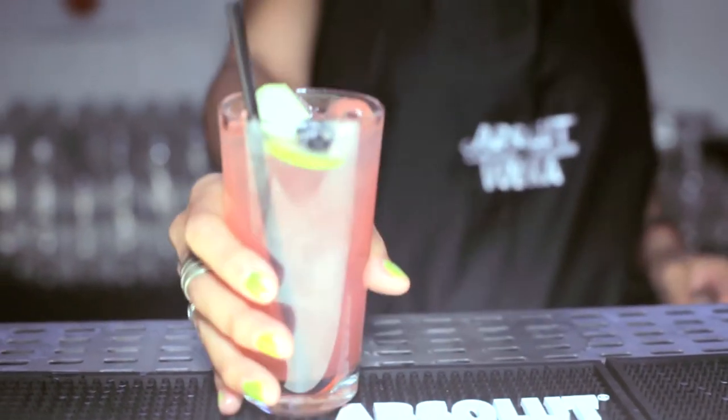Then we're going to garnish it with an apple and a berry. Voila! Cheers!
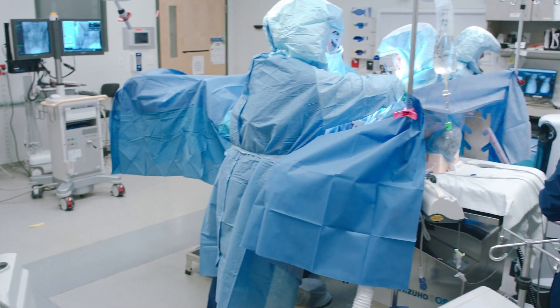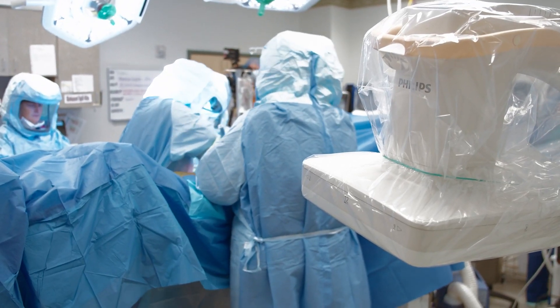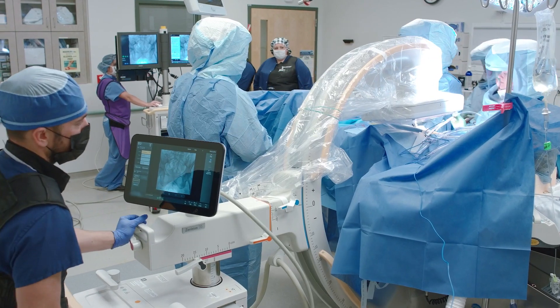Its small footprint and the ability for the C-arm to not take up a large area within the OR that we're trying to keep sterile is something that's really been a benefit.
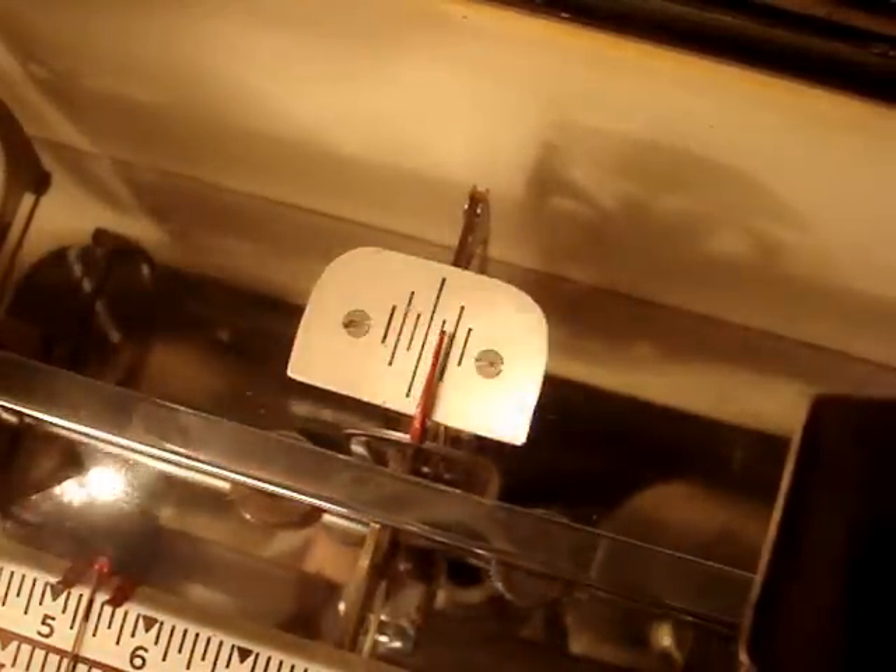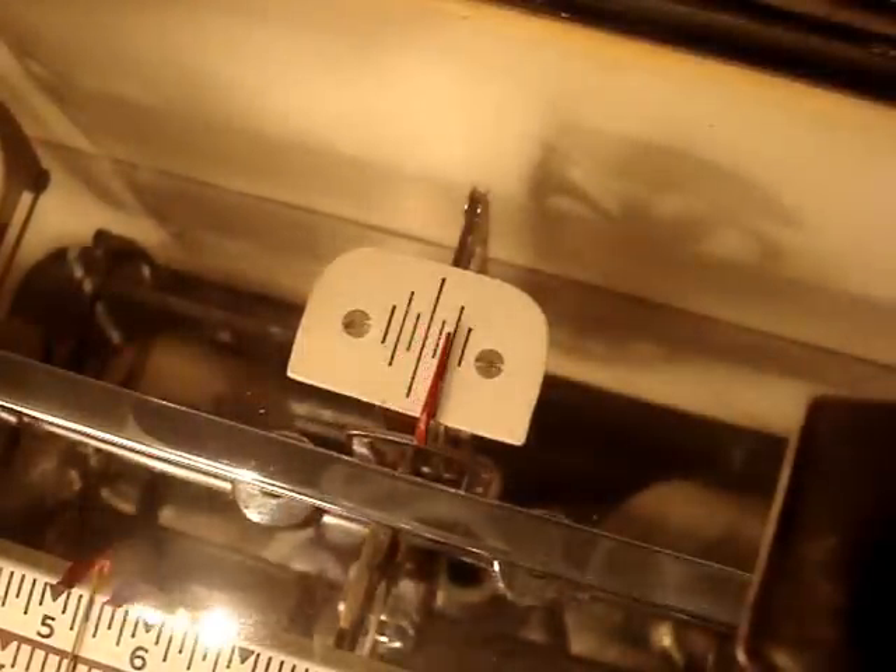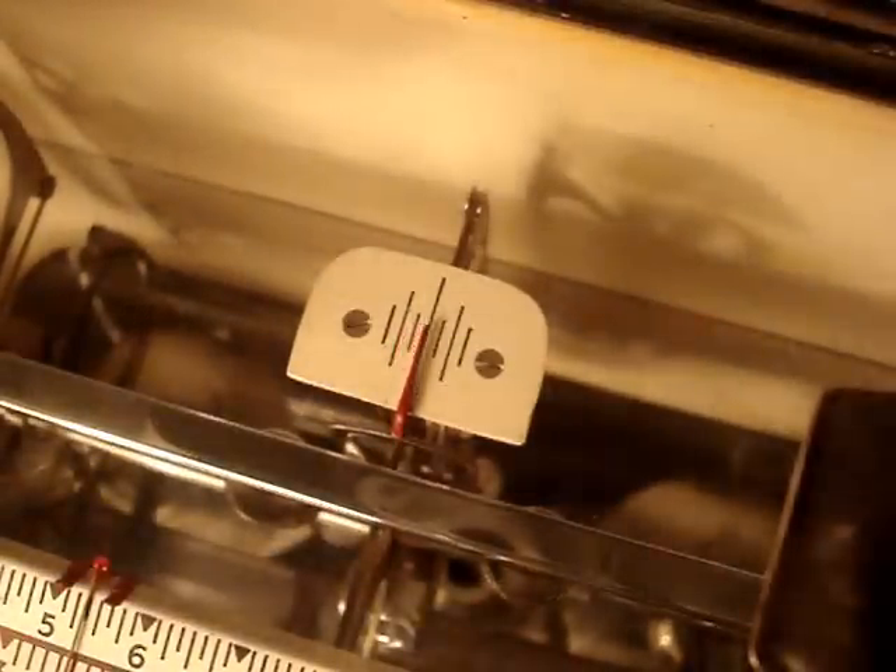So yeah, this is how we weigh stuff here. When we want to weigh multiple pounds using this scale, it takes quite a while — there's a lot of math involved. But anyway, this is the scale that weighs one gram, for your viewing pleasure.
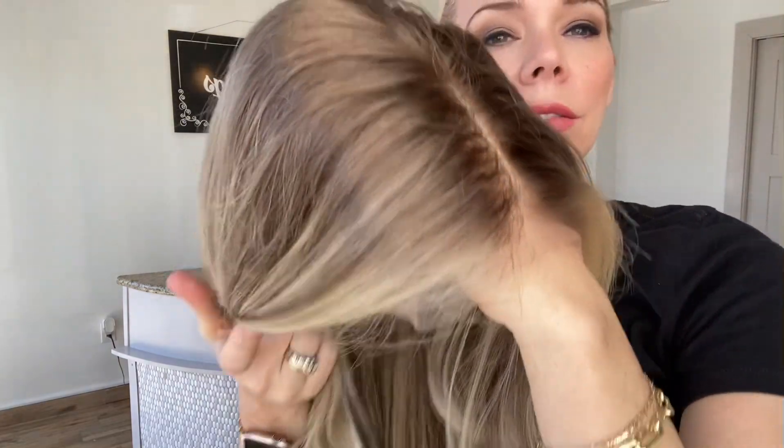This is neutral to cool tones in this wig. The rooting is about a level seven. The base shade is about a level seven.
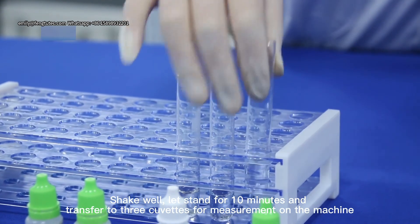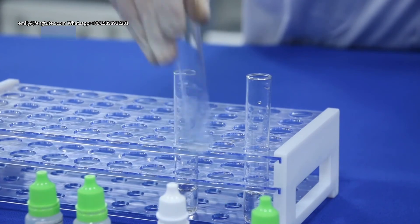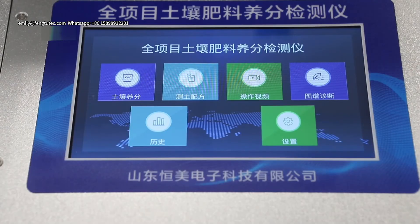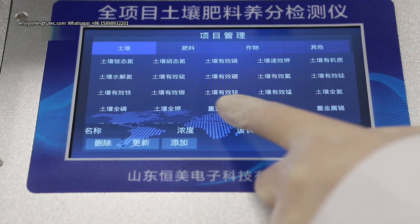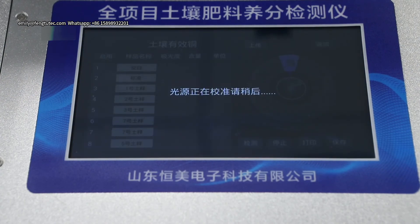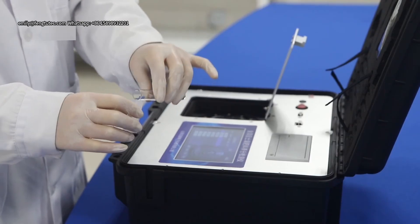Add 5 drops of Soy Available Copper number 4 reagent. Click on the screen to select Available Copper in Soil detection.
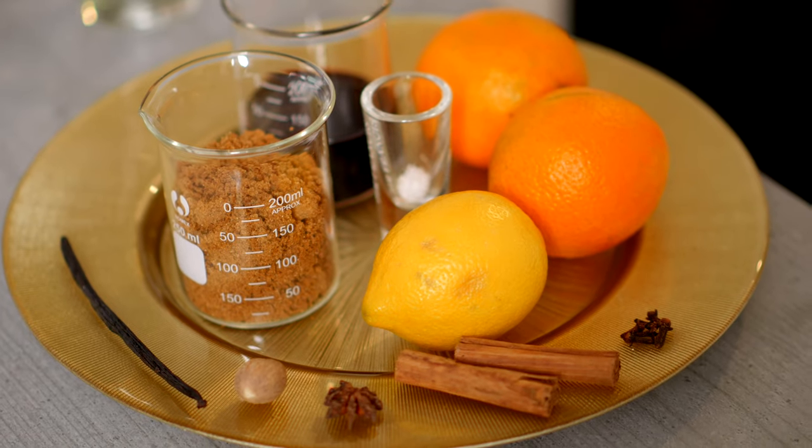It's the most wonderful time of the year everyone, but this drink's delicious all year round. Today we're going to make mulled coffee. Let's make some coffee cocktails.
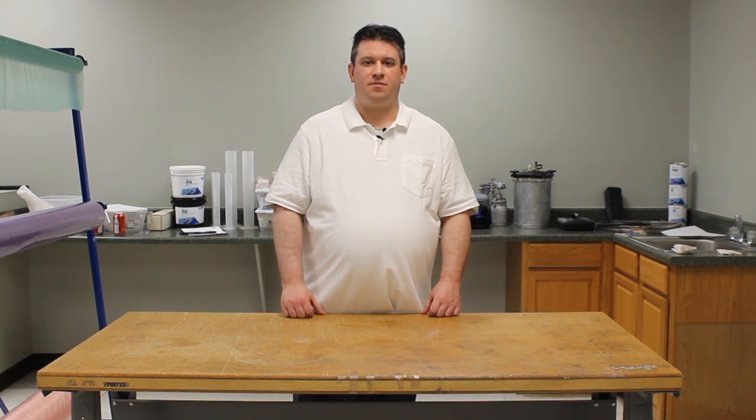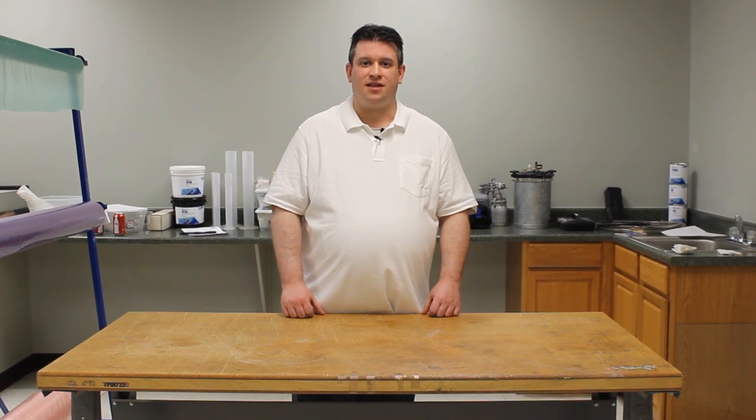Remember to check out this nylon blend bagging film and all of our vacuum bagging supplies on Fiberglass.com. Remember to subscribe to our channel and like this video.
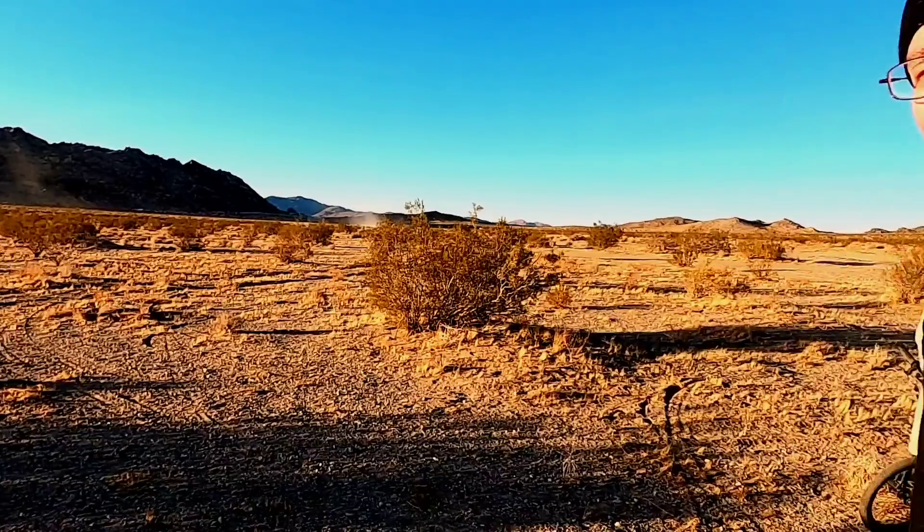Hey everyone, Glitch here, and welcome back to Hack 5. I'm down here in the beautiful SoCal desert, exploring, doing drone flying, mountain biking, and all kinds of other fun stuff. But let's take you on a little bit of an adventure talking about more solar power, this time on Hack 5.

# # # # #

§ **REQUIRED WORK**: Write out, with no pictures, only the lines from the line containing "So yeah, this" through the last line of the listing above, exactly and with both ends included.

§ **EXERCISE ANSWER**:
So yeah, this is how we weigh stuff here. When we want to weigh multiple pounds using this scale, it takes quite a while — there's a lot of math involved. But anyway, this is the scale that weighs one gram, for your viewing pleasure.
This is neutral to cool tones in this wig. The rooting is about a level seven. The base shade is about a level seven.
Add 5 drops of Soy Available Copper number 4 reagent. Click on the screen to select Available Copper in Soil detection.
It's the most wonderful time of the year everyone, but this drink's delicious all year round. Today we're going to make mulled coffee. Let's make some coffee cocktails.
Remember to check out this nylon blend bagging film and all of our vacuum bagging supplies on Fiberglass.com. Remember to subscribe to our channel and like this video.
Hey everyone, Glitch here, and welcome back to Hack 5. I'm down here in the beautiful SoCal desert, exploring, doing drone flying, mountain biking, and all kinds of other fun stuff. But let's take you on a little bit of an adventure talking about more solar power, this time on Hack 5.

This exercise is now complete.